Members of the Society of Friends, or Quakers, believed that God:
spoke directly to each individual through an “inner light” and that neither a minister nor the Bible was necessary to discover God's word.
Puritans viewed Quakers as:
dangerous to Puritan doctrines of faith and social order to the point that Puritans executed a few Quakers.
Accusing people of witchcraft in seventeenth-century New England seems to have been:
a way to explain the continual disorder in some communities by blaming difficulties on older, relatively defenseless women assumed to be in league with Satan.
In seventeenth-century New England, accusing someone of witchcraft often became a useful way to:
cast oneself as a victim and blame one's misfortune on evil forces beyond the control of mere mortals.
During most of the seventeenth century, New Netherland was:
a Dutch colony whose land was discovered in explorations made by Henry Hudson in 1609.
The colony of New Netherland was marked by a:
small, remarkably diverse population.
When Charles II became king of England in 1664, New Netherland:
was taken from the Dutch by the king, renamed New York, and presented it to the king's brother James, the Duke of York, as part of a larger grant of land.
When the English assumed control of New Netherland, they continued the Dutch policy of religious toleration because:
the heterogeneity of New Netherland made imposing a uniform religion not only difficult but nearly impossible.
The creation of New York led indirectly to the founding of two other middle colonies:
New Jersey and Pennsylvania.
The Quaker maxim “In souls there is no sex” helps explain the:
degree to which Quakers allowed women to assume positions of religious leadership in the seventeenth century.
The Indian policy in seventeenth-century Pennsylvania:
involved purchasing Indians' land, respecting their claims, and dealing with them fairly.
Among other things, religious toleration in Quaker-dominated Pennsylvania meant that colonists there:
did not have to pay taxes to maintain a state-supported church.

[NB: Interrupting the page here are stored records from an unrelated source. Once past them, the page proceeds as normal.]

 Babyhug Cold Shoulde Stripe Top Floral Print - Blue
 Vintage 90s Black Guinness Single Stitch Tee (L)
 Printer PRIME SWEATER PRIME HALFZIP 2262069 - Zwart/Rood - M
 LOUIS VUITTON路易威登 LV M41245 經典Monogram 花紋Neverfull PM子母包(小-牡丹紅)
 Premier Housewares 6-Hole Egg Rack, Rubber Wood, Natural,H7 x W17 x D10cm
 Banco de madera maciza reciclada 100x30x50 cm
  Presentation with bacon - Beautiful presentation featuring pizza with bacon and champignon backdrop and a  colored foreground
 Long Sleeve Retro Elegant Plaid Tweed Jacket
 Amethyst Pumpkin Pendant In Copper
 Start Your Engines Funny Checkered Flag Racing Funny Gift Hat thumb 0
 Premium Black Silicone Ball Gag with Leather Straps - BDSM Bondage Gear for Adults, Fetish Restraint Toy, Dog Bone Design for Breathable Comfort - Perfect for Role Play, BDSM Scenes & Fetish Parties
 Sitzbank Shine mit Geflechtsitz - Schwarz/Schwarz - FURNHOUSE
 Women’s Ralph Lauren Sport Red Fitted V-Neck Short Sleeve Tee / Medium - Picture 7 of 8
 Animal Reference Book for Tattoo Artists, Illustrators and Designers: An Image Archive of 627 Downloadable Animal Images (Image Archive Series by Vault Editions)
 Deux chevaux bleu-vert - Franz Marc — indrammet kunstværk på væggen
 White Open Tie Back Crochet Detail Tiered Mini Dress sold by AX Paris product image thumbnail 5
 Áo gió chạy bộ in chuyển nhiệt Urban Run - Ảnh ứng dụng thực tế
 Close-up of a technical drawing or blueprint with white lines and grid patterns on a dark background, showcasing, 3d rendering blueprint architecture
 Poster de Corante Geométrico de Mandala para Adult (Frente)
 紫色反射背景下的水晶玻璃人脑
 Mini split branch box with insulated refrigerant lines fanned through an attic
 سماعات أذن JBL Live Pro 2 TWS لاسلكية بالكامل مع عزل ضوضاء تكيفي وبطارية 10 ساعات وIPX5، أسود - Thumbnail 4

As proprietor of Pennsylvania, William Penn:
had extensive powers subject only to review by the king but chose to appoint a governor who could veto legislation of the colonial council.
The Navigation Acts of the 1650s and 1660s were designed to regulate colonial trade in order to:
yield revenues for the crown and English merchants and protect the colonies' trade from England's competitors and enemies.
By the end of the seventeenth century, colonial commerce was characterized by:
strong ties to England due to royal supervision of merchants and shippers, the protection of the British navy, and a healthy flow of imports and exports between the colonies and England.
King Charles II took a personal interest in getting greater control over New England because:
his father, Charles I, had been executed by Puritans in England.
In 1686, England created the Dominion of New England, a new government consolidation that:
placed all colonies north of Maryland under the direct control of England and invalidated all land titles.
In 1688, the Glorious Revolution in England influenced American colonists to:
rise up against royal authority (and the concept of the Dominion of New England) in Massachusetts, New York, and Maryland.
The most important change that occurred in colonial America in the eighteenth century was:
an enormous increase in population.
In eighteenth-century America, the main sources of population growth and diversity were:
Immigration and natural increase.
In the eighteenth century, the majority of immigrants coming to America were from:
Scotland, Ireland, or Africa.
Although the New England population grew sixfold during the eighteenth century, it lagged behind the growth in the other colonies because:
most immigrants chose other colonies to avoid New England's inhospitable Puritan orthodoxy and relatively high ratio of people to land.
By the eighteenth century, the colonial New England practice of “partible inheritance” had resulted in plots of land that were too small for a family to make a living. Partible inheritance means that lands were subdivided:
About equally between all the sons in a family.
By 1770, New Englanders had only one-fourth as much wealth as free colonists in the South, in part because:
the scarcity of land made it impossible for farmers to produce cash crops in the quantities necessary to become wealthy.
The eighteenth-century New England economy could be characterized as being dominated by:
A network of trade.
The commercial economy of New England was dominated by:
Merchants.
Why were there so few slaves in New England during the eighteenth century?
New England's family farming was not suited for slave labor.
By 1770, the middle colonies had a uniquely diverse immigrant population; the largest number of immigrants were:
German and Scots-Irish.
Most of the Scots-Irish who came to the colonies were farm laborers or tenant farmers who were leaving behind:
droughts, crop failures, high food prices, or high rents.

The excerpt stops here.